With an environmental charge now pending against Husky Energy Melfort’s mayor hopes better regulations and safety practices are instituted to prevent further “catastrophes.”
The company was charged with one count under the Environmental Management and Protection Act, 2010 (EMPA) on Tuesday for their alleged role in the spill that allowed 225,000 litres of oil into the waterway. Local drinking water comes from the river through a SaskWater line. Mayor Rick Lang said he holds no ill will toward the company and hopes stronger pipeline policies can emerge from the incident.
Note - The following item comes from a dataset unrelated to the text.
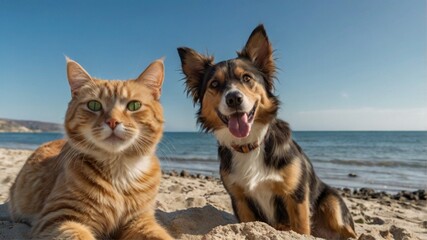 Beach Day Companions: A Ginger Cat and Happy Border Collie in Sunny Coastal Scene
“I understand it was an accident but there is always some fallout from that,” he told northeastNOW Thursday. “When there is an issue with something even if it was an accident there is some ramifications that come from that. Hopefully what evolves is these types of issues don’t happen.”
The city of Melfort was able to use a secondary water source during the cleanup process. Up until the 1980s the city drew surface water from a region near Eagle Creek. The pipeline structure was still in place allowing residents an alternate water source. The city did see issues once the level decreased to a point where potable water trucks were sent to the community with Husky Energy covering that expense. Lang said the company was upfront by assuming responsibility.
“They were very fair with stepping forward and taking the blame and making sure the consequence was mitigated as much as possible,” Lang said.
Almost 60,000 people’s drinking water was impacted by the spill.
The charge Husky is now facing carries a maximum fine of $1 million. Husky will appear in Lloydminster provincial court.